Fera reported that security on health information must be as strong as that for financial or banking institutions, which have seen a huge increase in the number of people willing to bank online.
“If folks are made aware that the security is the same in terms of encryption and fail safes as in the banking world, that should create some safety,” Fera said. “Electronically, we are more secure than with paper. The notion that your records are safe on paper is a false concept.”
Acceptance of electronic patient information is complex. In fact, many physicians are not thrilled with easy patient access to medical records.
A new survey from the consulting firm Accenture in Orlando, Fla., showed that most U.S. doctors, 82 percent of those surveyed, would like patients to update their electronic health records, particularly demographics, family history, allergies, medications they are taking, and blood pressure and blood sugar readings taken at home. But only 31 percent of physicians believe a patient should have full access to his or her own record; another 65 percent believe patients should have limited access, and 4 percent say they should have no access.

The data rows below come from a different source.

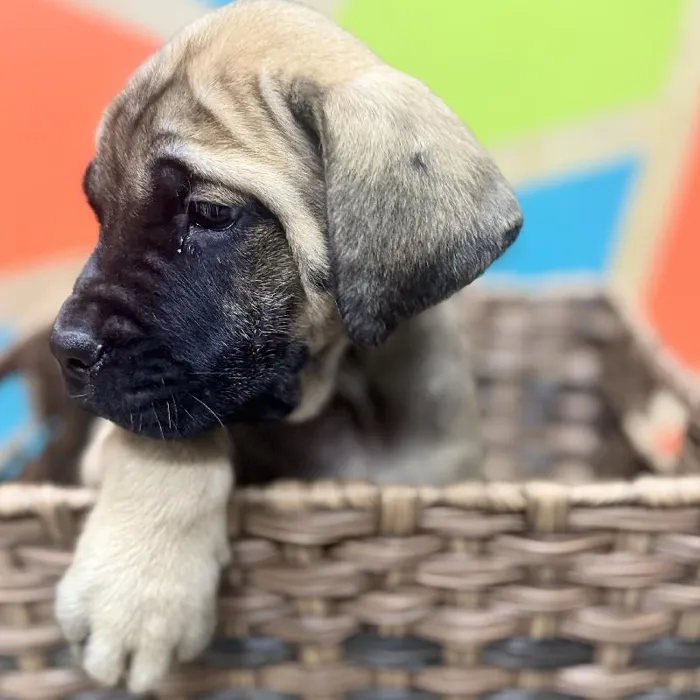 Female English Mastiff Puppy for Sale in Rogers, AR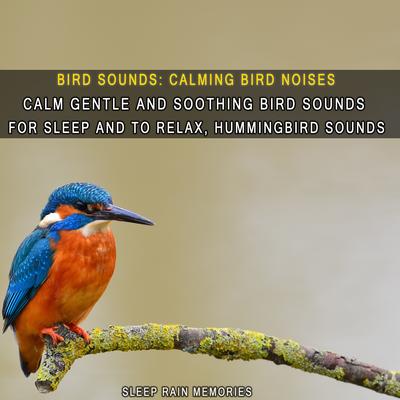 Irresistible Outdoor Bird Recording's cover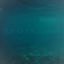 Cover Blue Ocean Dreams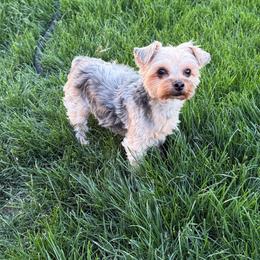 Sasha - Yorkshire Terrier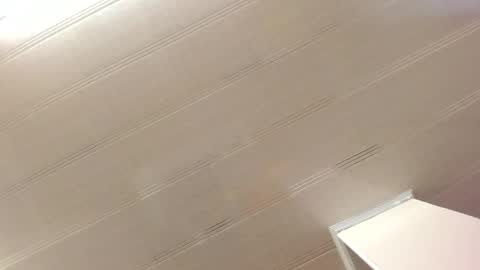 Snapshot of alana_madison chatting on December 28, 11:09 am Maeve online show from December 28, 11:09 am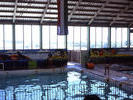 School Trip Adelaide Marineland 1
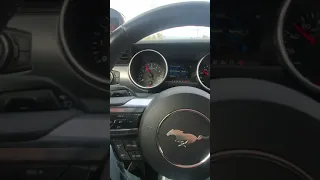 HELLCAT VS 5.0 MUSTANG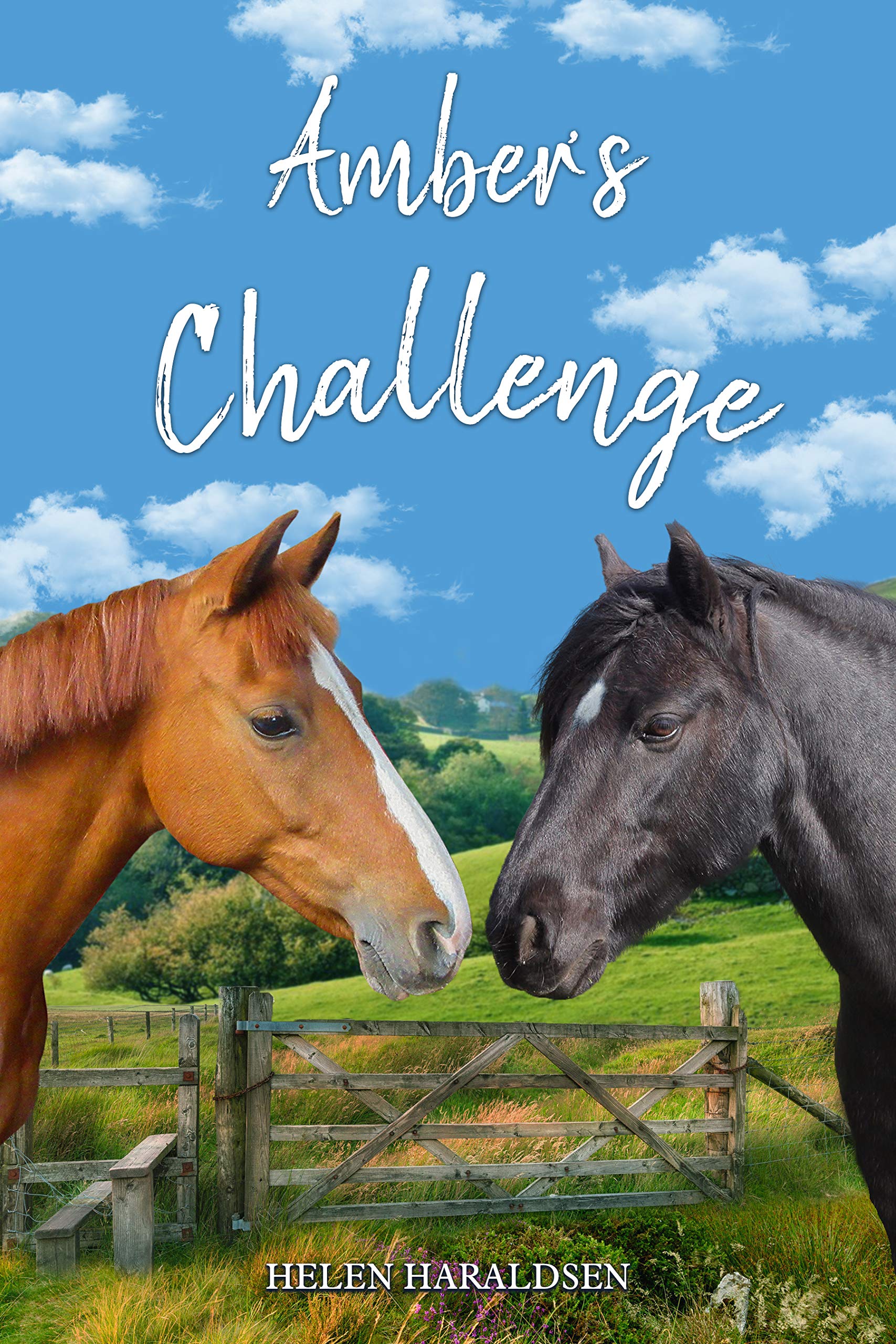 Amber's Challenge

Wah suggested that physicians are quite concerned about sensitive information, such as psychiatric histories and reproductive histories. Yet that information could be helpful to a physician treating a new health concern.
“Technology will give us the ability to access that information more appropriately with audit trails,” Wah said. “Audit trails allow us to know who has seen what information, and that becomes a bit of a governor.”
As he explained, people might hesitate to access someone’s record when they know others will be aware of it. Fera agreed that it could serve as a deterrent.
To get those Meaningful Use federal incentive dollars, hospitals and providers will have to provide access, and many have. A study from the research firm KLAS in Orem, Utah, released in November 2012, found that 57 percent of providers had a patient portal, primarily from their current EMR vendor.
Getting patients to use portals could prove challenging.
“It’s going to take education,” Fera said. He indicated that health insurers could offer incentives to patients through health savings accounts or other means to encourage them to become more engaged in their healthcare.
Ben Marrone recommended physician practices demonstrate to patients how to use the portals.
Marrone agreed about the importance of education. He also suggested that physician practices and hospitals provide training and demonstrations in how to use the portals. Hospitals also could provide written documentation at discharge about how to access the patient portal.
With the growing use of smartphones and handheld technologies, Marrone said he thinks more people will log on to review lab results, and they will begin to keep their own records. Young people and those most savvy with technology will likely embrace it more quickly than people without a computer. He recommended talking with patients about how their records are safeguarded.
“We see security as an enabler, because if patients do not accept digital network information, we won’t be able to have the digital networks we would like to have in [information technology],” Wah said. “Going from paper to digital and digital to network will lead to the third event--analytics and personalized medicine. That will lead to a change in how we deliver healthcare.”